Your instructions: Could you return every record below word for word, leaving out the pictures?

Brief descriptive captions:
::::::::::
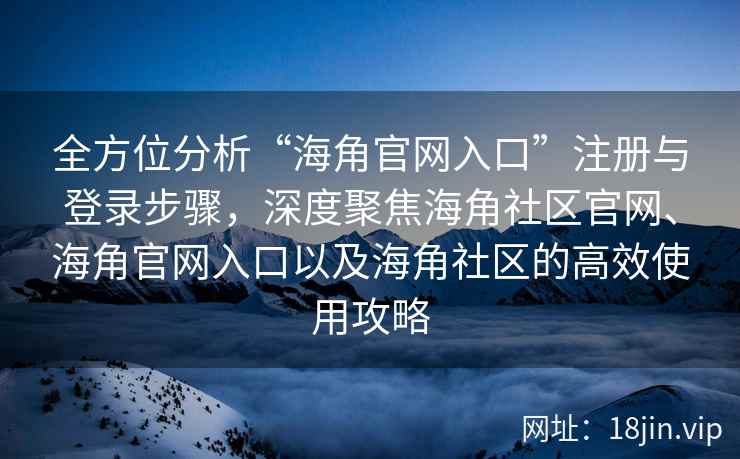 全方位分析“海角官网入口”注册与登录步骤，深度聚焦海角社区官网、海角官网入口以及海角社区的高效使用攻略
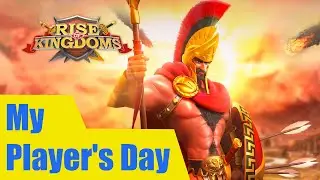 My Player's Day in Rise of Kingdoms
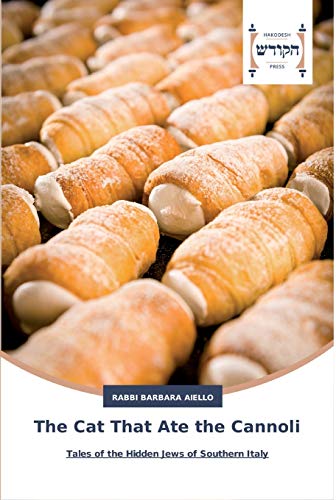 The Cat That Ate the Cannoli: Tales of the Hidden Jews of Southern Italy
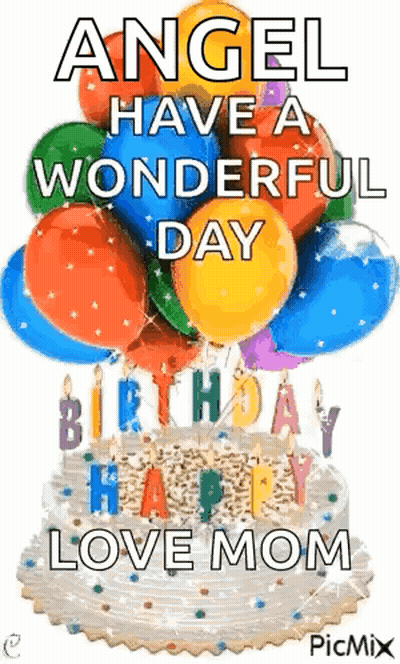 Angel Have A Wonderful Day Happy Love Mom Birthday Cake With Balloons GIF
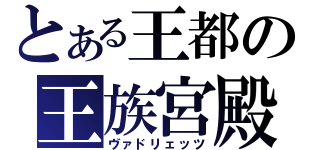 とある王都の王族宮殿（ヴァドリェッツ）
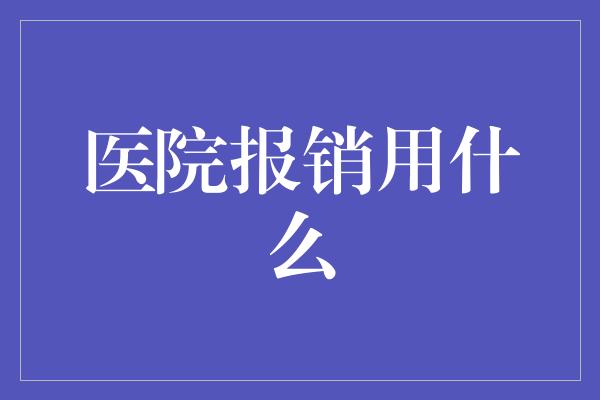 医院报销用什么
::::::::::
Reply:
 全方位分析“海角官网入口”注册与登录步骤，深度聚焦海角社区官网、海角官网入口以及海角社区的高效使用攻略
 My Player's Day in Rise of Kingdoms
 The Cat That Ate the Cannoli: Tales of the Hidden Jews of Southern Italy
 Angel Have A Wonderful Day Happy Love Mom Birthday Cake With Balloons GIF
 とある王都の王族宮殿（ヴァドリェッツ）
 医院报销用什么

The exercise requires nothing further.